Work request:
Beginning with the first line below, retype exactly each line through the one containing "colo-colo - america mineiro". Leave out all pictures.

Data listing:
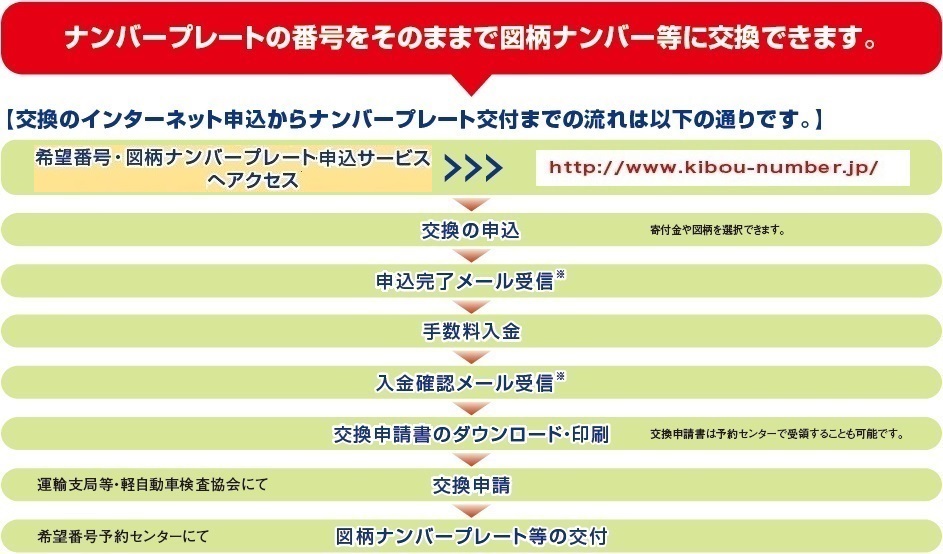 ナンバー 申し込み 希望 福島県自動車会議所｜インターネット申込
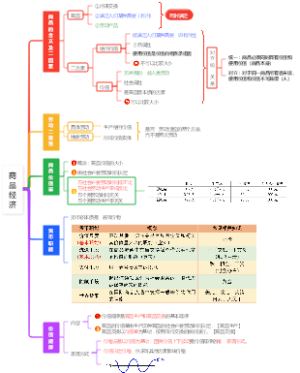 商品经济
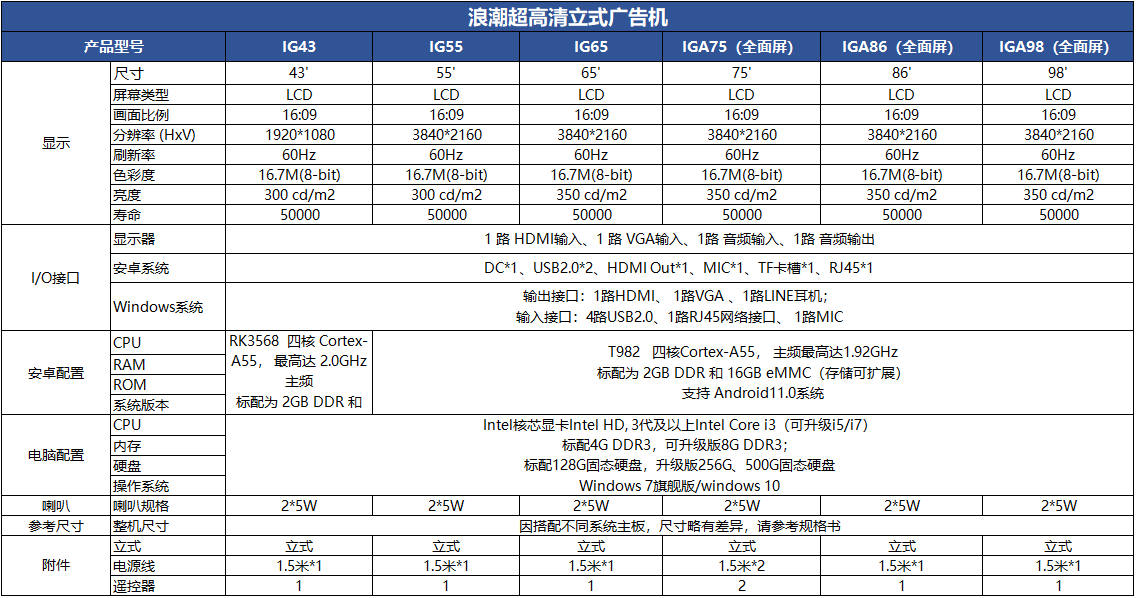 立式广告机图片1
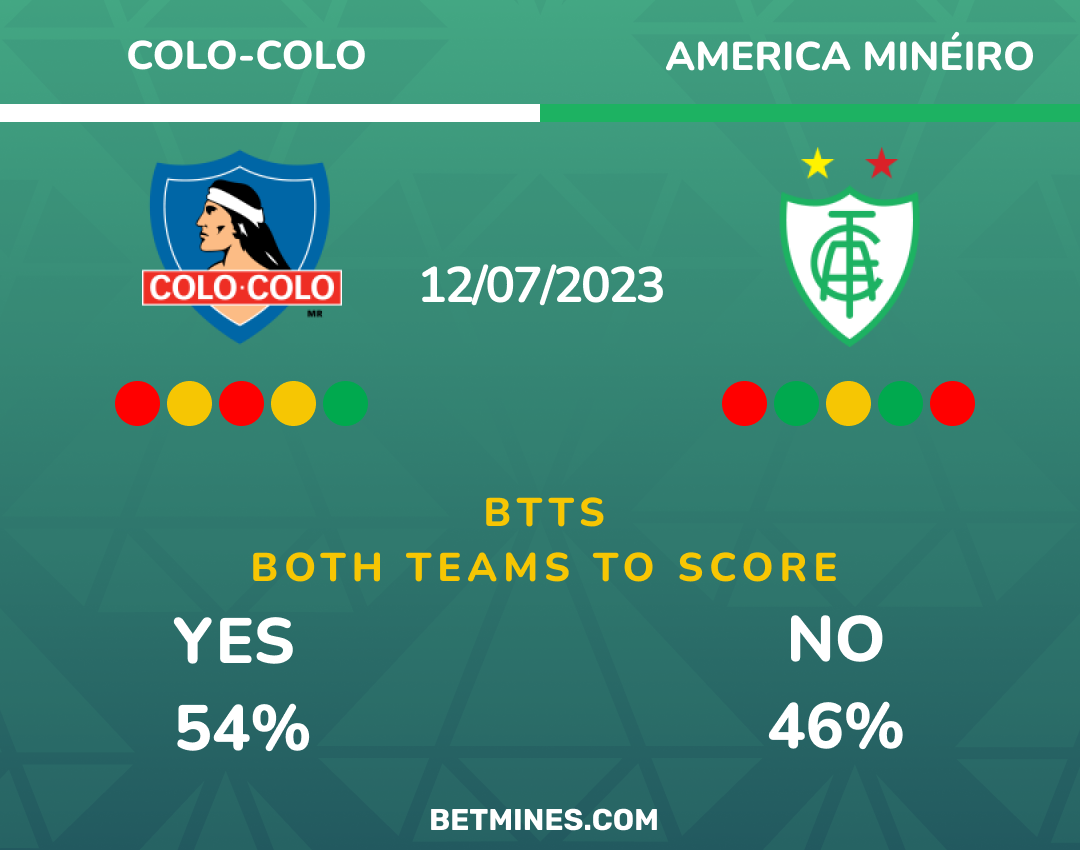 colo-colo - america mineiro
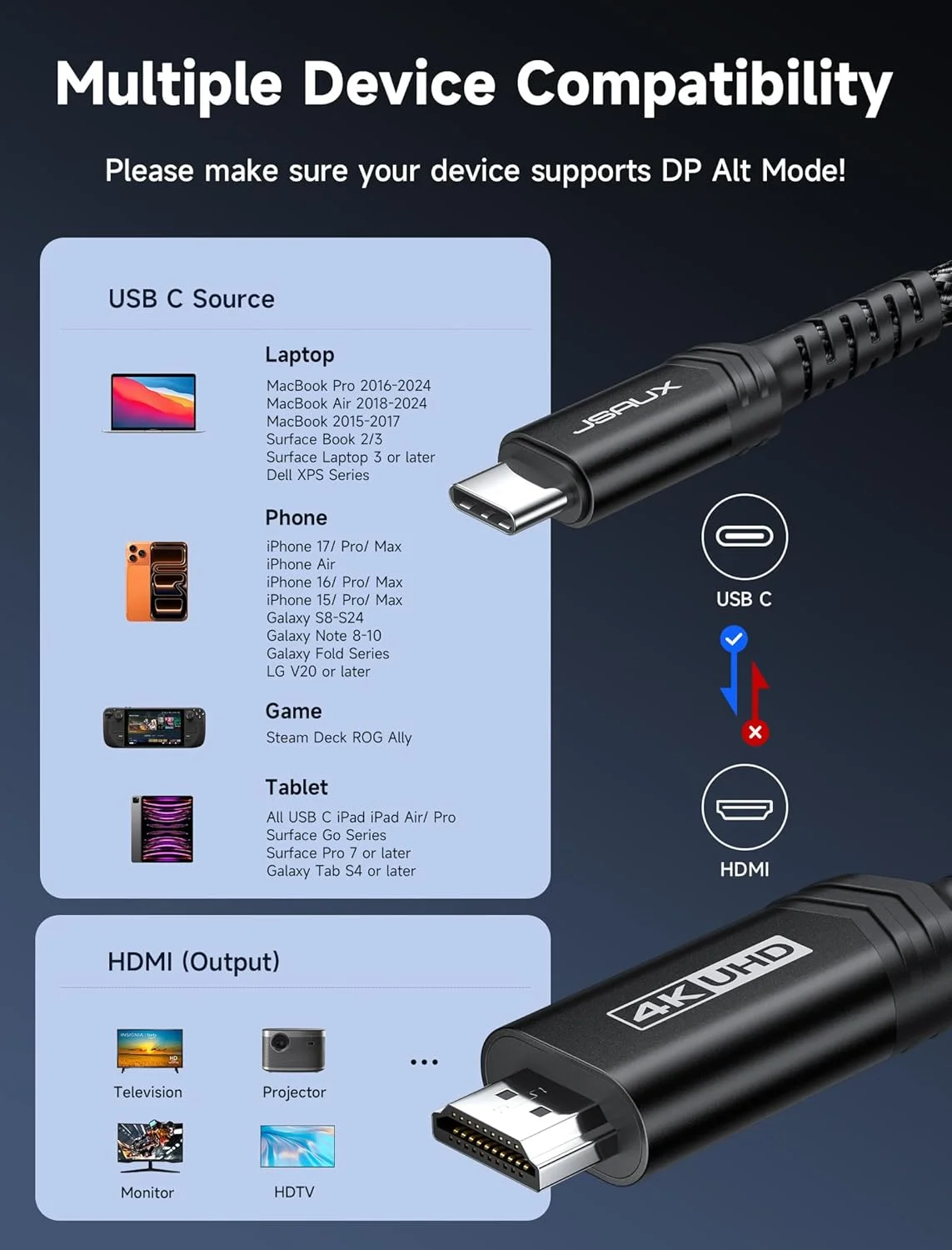 کابل USB نوع C به HDMI جی ساکس، طول 3 متر | 4K@60Hz | کابل USB 3.1 نوع C به HDMI 2.0 برای دفتر کار خانگی، (سازگار با تاندربولت 3/4) با آیفون 16 پرو مکس، مک بوک پرو/ایر، گلکسی S8 تا S24، آیپد پرو، آی مک - مشکی کابل USB نوع C به HDMI جی ساکس، طول 3 متر | 4K@60Hz | کابل USB 3.1 نوع C به HDMI 2.0 برای دفتر کار خانگی، (سازگار با تاندربولت 3/4) با آیفون 16 پرو مکس، مک بوک پرو/ایر، گلکسی S8 تا S24، آیپد پرو، آی مک - مشکی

Answer below:
 ナンバー 申し込み 希望 福島県自動車会議所｜インターネット申込
 商品经济
 立式广告机图片1
 colo-colo - america mineiro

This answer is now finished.